From the line that contains "this 640×480 image." to the end of the entries, copy each line exactly, though the pictures stay out.

■ ■ ■ ■

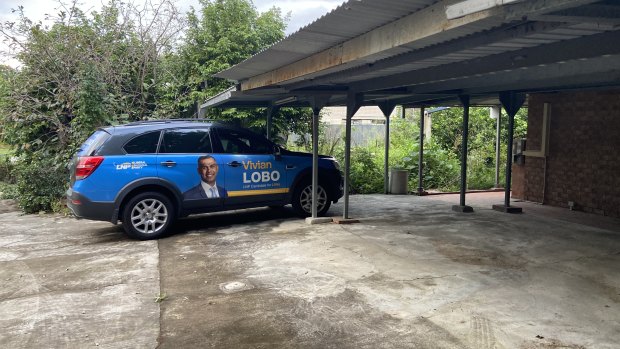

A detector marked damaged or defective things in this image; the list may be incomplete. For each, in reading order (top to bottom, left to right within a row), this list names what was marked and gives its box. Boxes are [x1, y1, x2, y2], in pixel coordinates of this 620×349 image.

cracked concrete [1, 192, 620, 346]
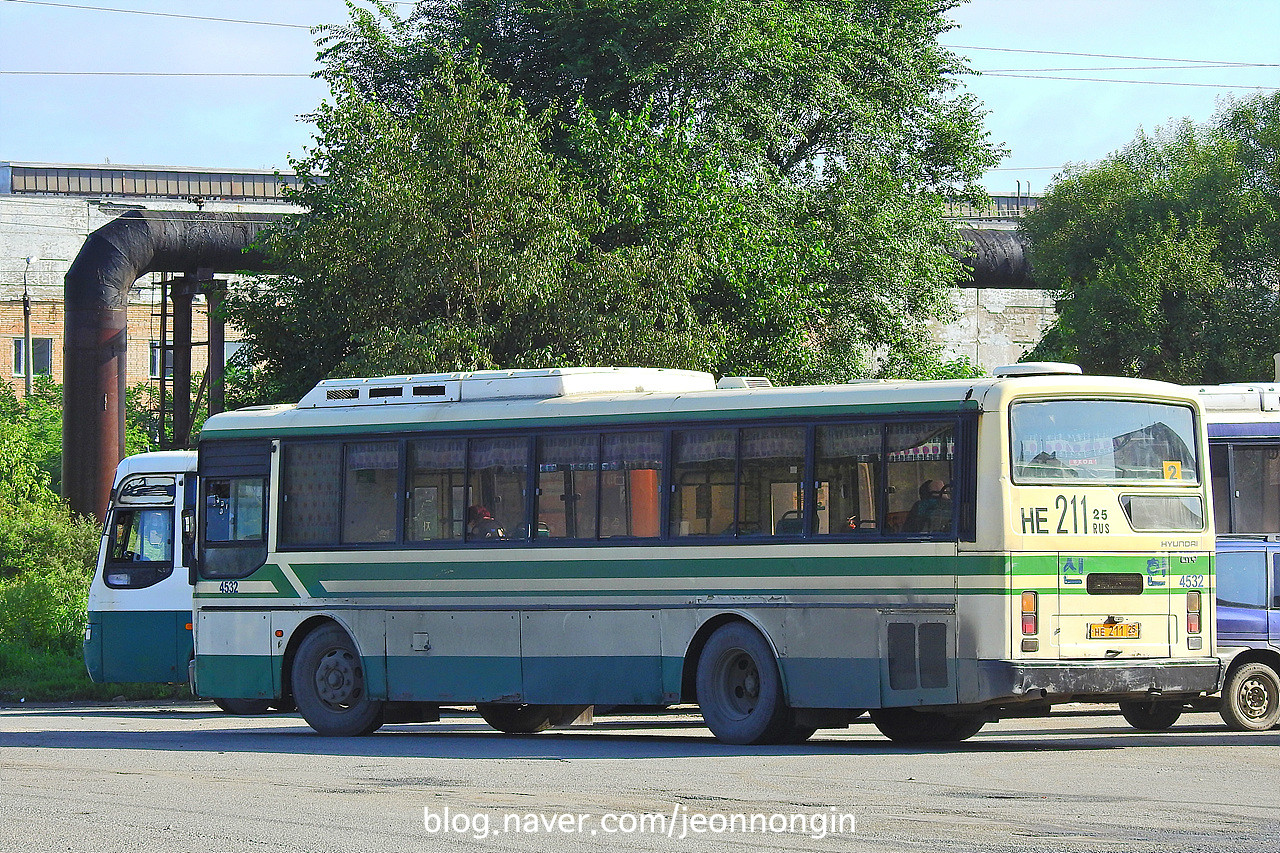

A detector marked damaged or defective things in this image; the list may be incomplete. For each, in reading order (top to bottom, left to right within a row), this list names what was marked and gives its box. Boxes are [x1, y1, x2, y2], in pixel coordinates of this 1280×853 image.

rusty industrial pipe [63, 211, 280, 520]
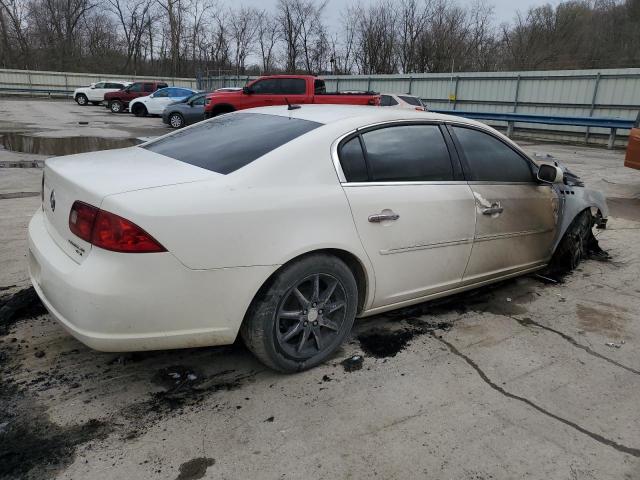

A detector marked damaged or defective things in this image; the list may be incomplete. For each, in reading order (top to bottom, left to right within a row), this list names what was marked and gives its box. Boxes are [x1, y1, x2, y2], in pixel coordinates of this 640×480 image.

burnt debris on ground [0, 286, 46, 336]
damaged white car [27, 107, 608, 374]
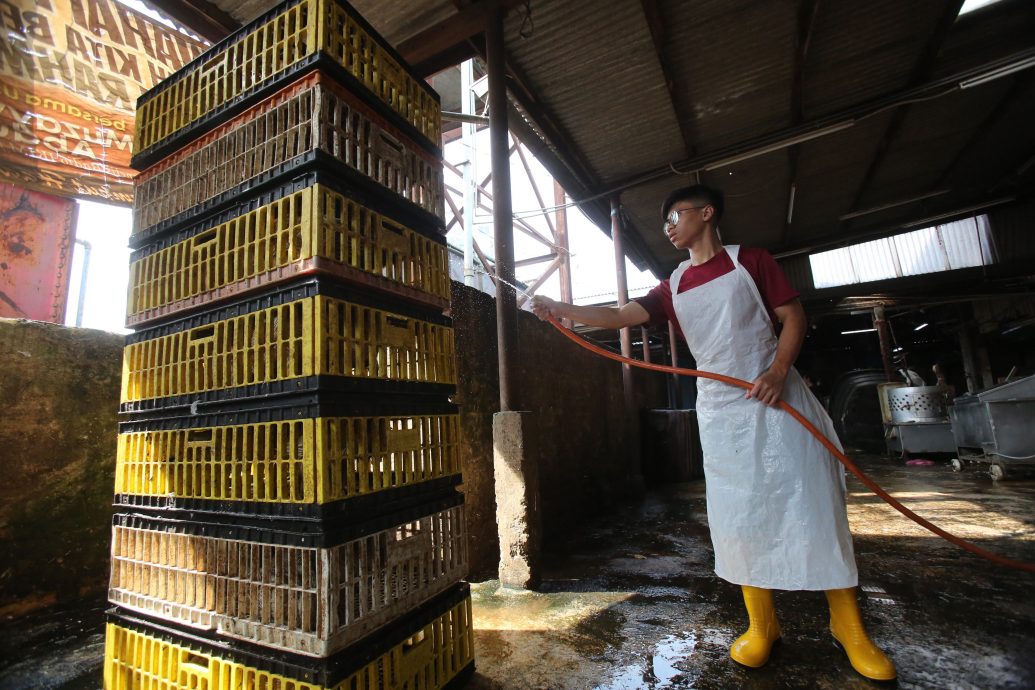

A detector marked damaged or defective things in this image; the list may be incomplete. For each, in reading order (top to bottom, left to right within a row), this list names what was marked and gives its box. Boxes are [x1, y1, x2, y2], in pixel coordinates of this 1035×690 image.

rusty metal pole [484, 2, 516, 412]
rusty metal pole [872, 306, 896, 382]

■ ■ ■ ■

*Solved problem*:
A detector marked damaged or defective things in this image; the list may be incomplete. For each, in reading order (top to bottom, left to right within a row), this list names what was marked and gives its box. Boxes are [x1, y1, x2, y2], in pixel coordinates of this 640×480 image.

burnt debris on ground [0, 286, 46, 336]
damaged white car [27, 107, 608, 374]

A detector marked damaged or defective things in this image; the list may be incomplete. For each, in reading order (top to bottom, left to right within a row), this list names what was marked and gives its box. Boxes are [x1, y1, x2, y2], in pixel coordinates of this 1035×690 image.

rusty metal pole [484, 2, 516, 412]
rusty metal pole [872, 306, 896, 382]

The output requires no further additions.